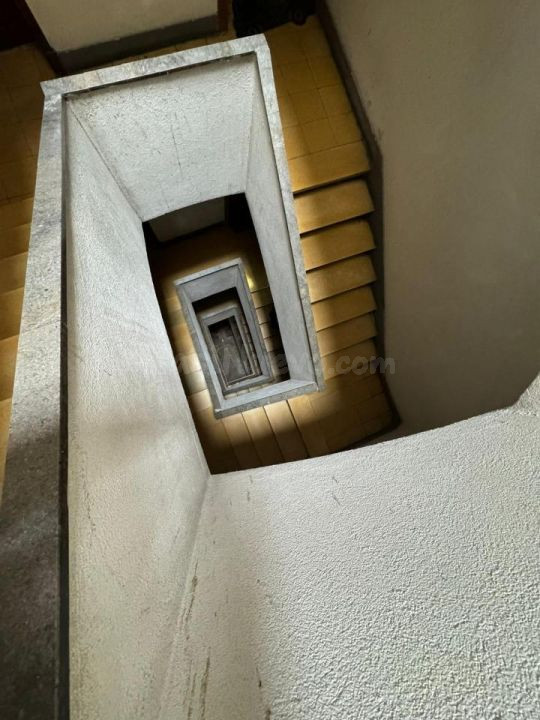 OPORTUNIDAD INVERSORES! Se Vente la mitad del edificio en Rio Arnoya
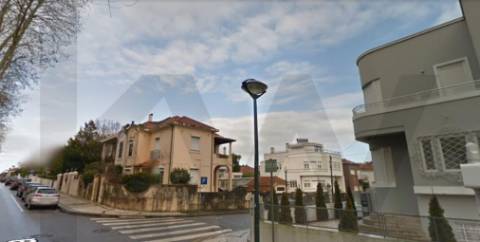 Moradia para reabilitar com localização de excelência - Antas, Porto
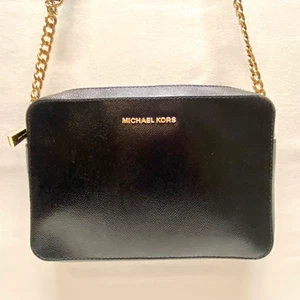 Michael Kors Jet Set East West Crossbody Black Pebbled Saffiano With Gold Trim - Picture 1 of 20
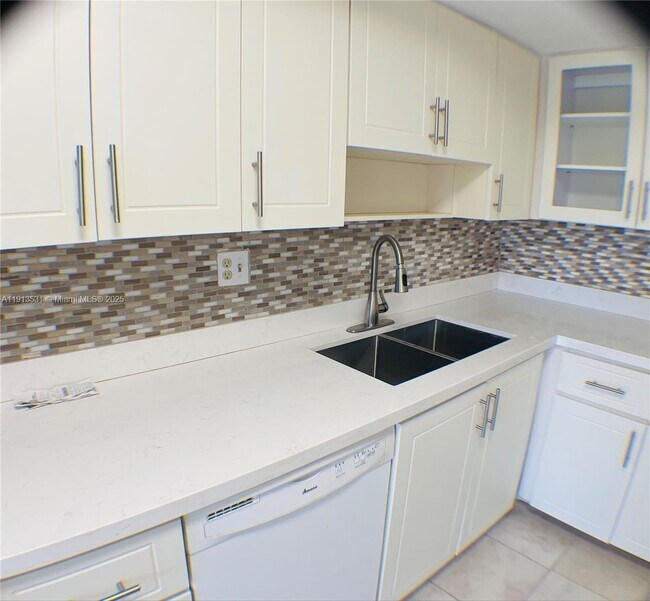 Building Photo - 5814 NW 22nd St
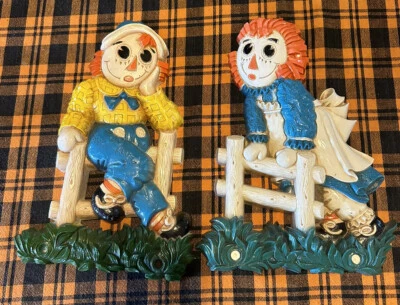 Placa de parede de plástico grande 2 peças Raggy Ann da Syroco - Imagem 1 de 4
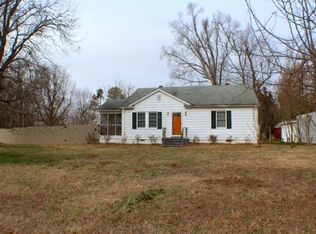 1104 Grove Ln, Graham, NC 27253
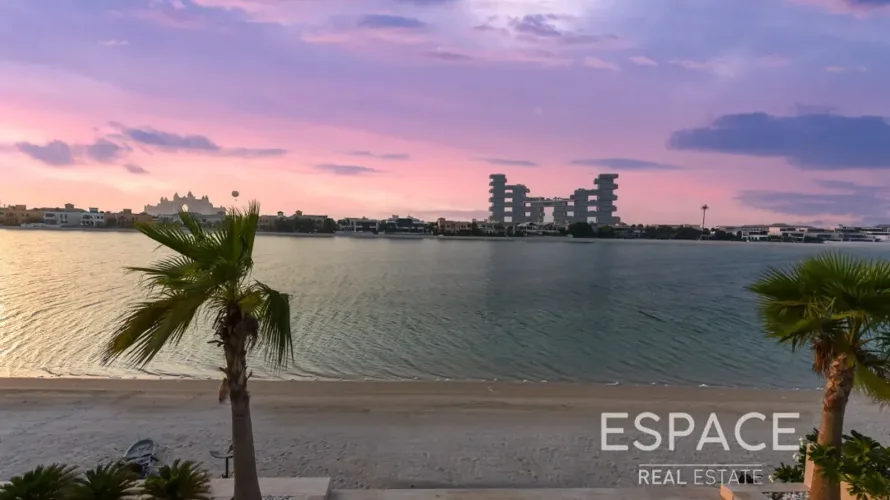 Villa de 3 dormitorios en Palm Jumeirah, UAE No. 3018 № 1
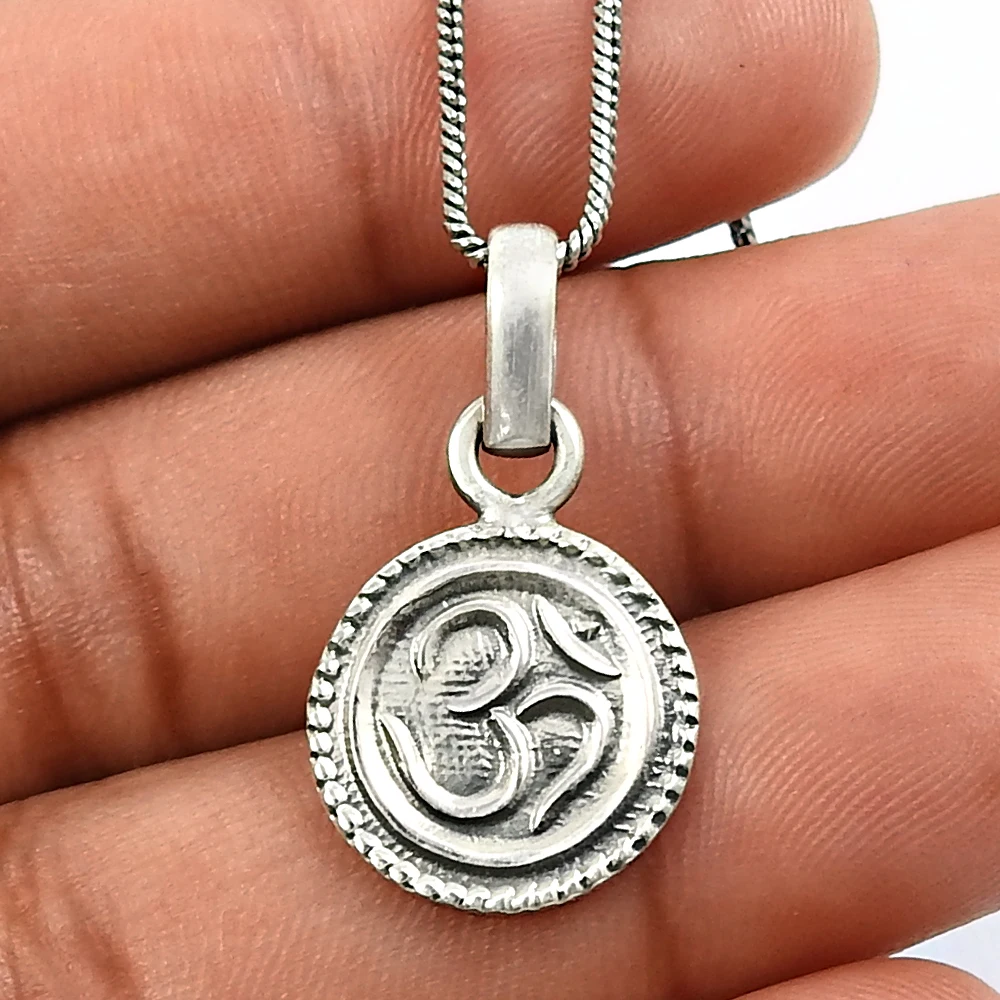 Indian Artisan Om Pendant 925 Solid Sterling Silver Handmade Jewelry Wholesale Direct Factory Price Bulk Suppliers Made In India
---
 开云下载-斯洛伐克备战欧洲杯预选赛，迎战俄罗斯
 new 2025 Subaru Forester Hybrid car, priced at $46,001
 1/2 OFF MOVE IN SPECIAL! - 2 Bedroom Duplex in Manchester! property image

**The problem:** Copy out precisely the lines from the line with "new 2025 Subaru" to the line with "1/2 OFF MOVE" in the material above, including those two lines and omitting all the rest.

**Written response:**
 new 2025 Subaru Forester Hybrid car, priced at $46,001
 1/2 OFF MOVE IN SPECIAL! - 2 Bedroom Duplex in Manchester! property image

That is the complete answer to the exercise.